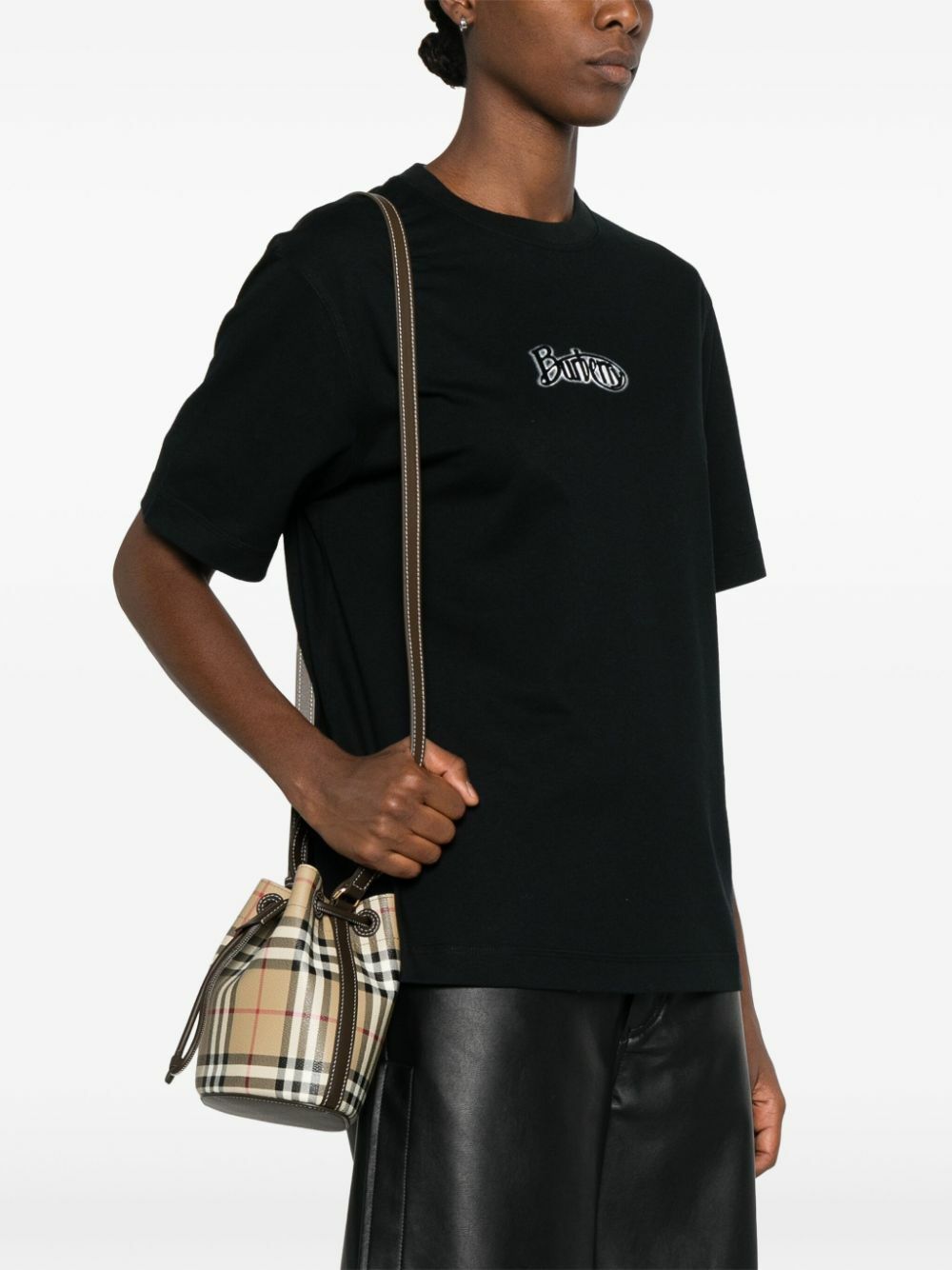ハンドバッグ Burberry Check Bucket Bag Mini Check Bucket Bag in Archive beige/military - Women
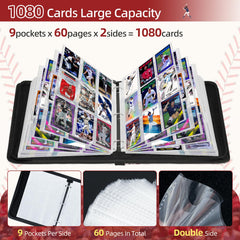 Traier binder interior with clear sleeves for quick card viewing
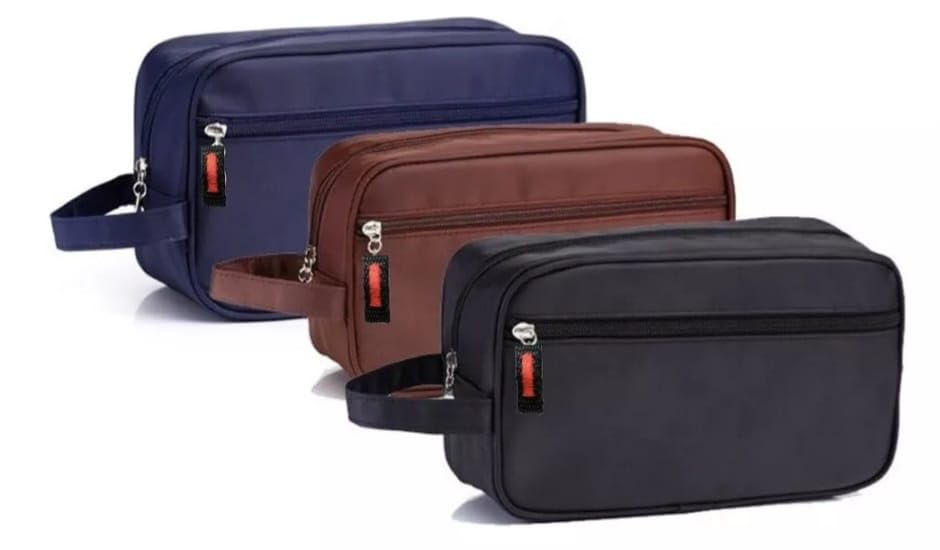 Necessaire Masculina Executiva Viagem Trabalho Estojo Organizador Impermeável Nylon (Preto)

^^^^^^^^^^^^^^^^

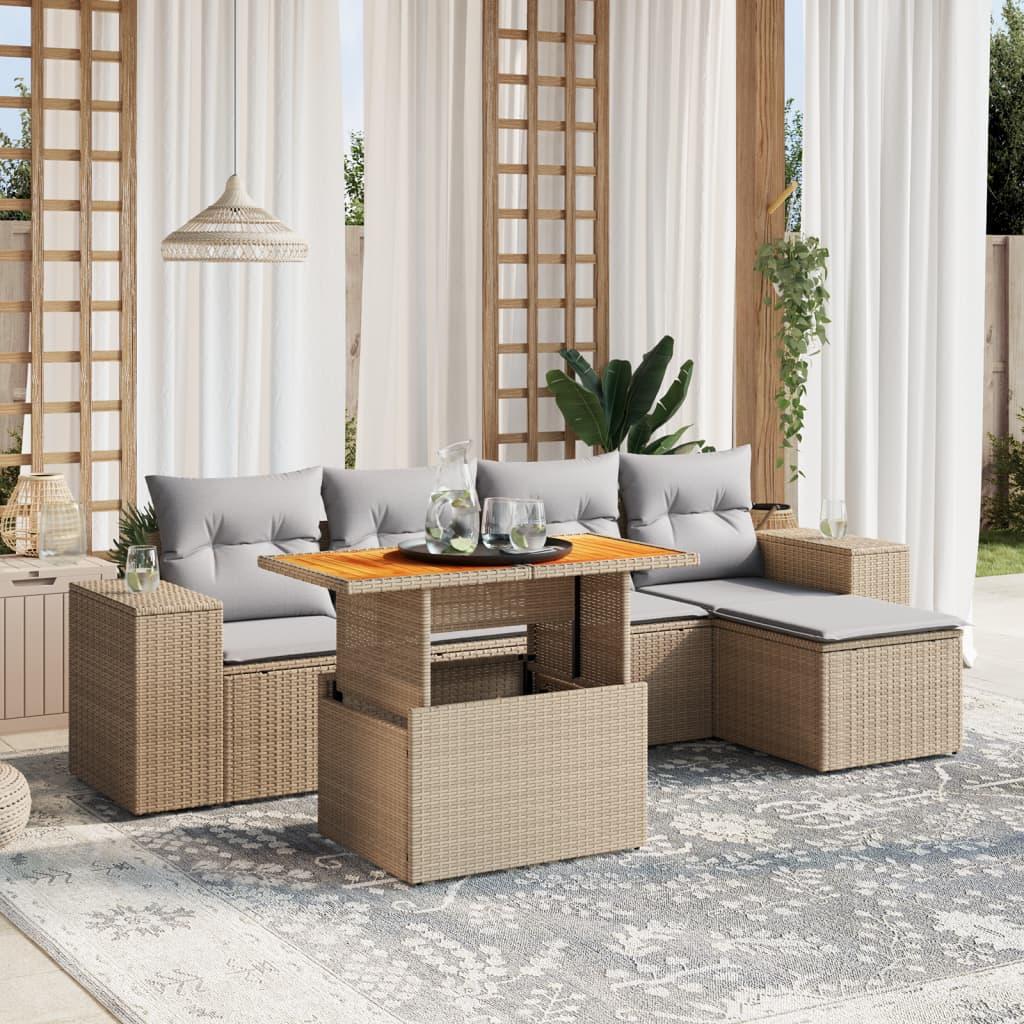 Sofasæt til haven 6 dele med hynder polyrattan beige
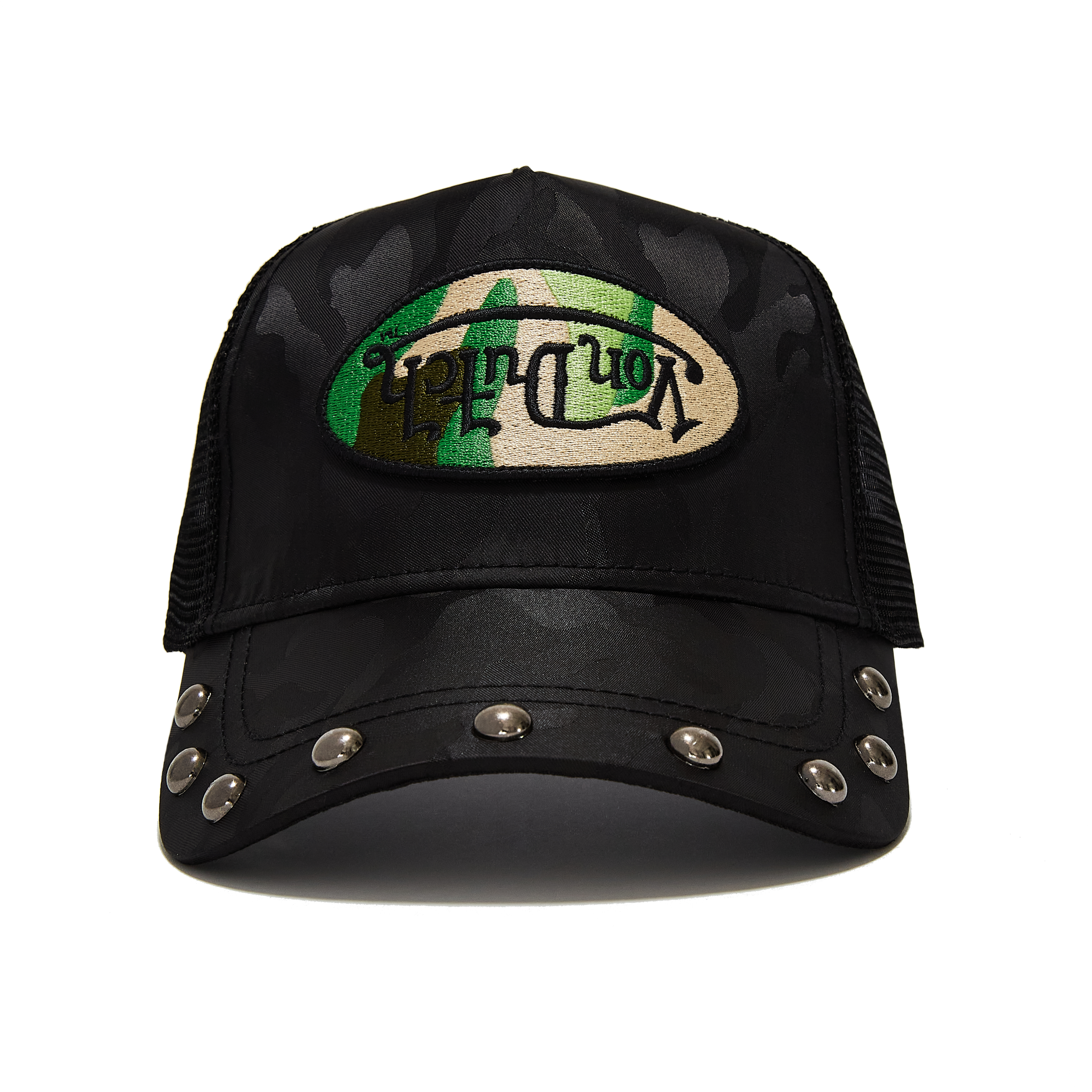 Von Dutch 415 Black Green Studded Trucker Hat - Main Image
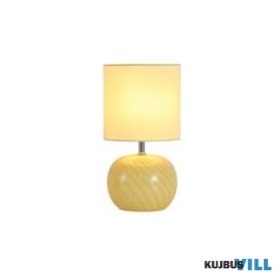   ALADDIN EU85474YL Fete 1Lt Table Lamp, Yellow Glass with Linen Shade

^^^^^^^^^^^^^^^^

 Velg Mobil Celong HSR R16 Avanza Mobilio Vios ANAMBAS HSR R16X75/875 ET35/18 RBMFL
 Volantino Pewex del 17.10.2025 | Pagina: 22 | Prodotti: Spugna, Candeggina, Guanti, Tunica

^^^^^^^^^^^^^^^^

Exercise aim >> Set down, from the entries above, exactly the lines from the one with "Velg Mobil Celong" up to and including the one with "Volantino Pewex del", and no other lines.

Result for this task >>
 Velg Mobil Celong HSR R16 Avanza Mobilio Vios ANAMBAS HSR R16X75/875 ET35/18 RBMFL
 Volantino Pewex del 17.10.2025 | Pagina: 22 | Prodotti: Spugna, Candeggina, Guanti, Tunica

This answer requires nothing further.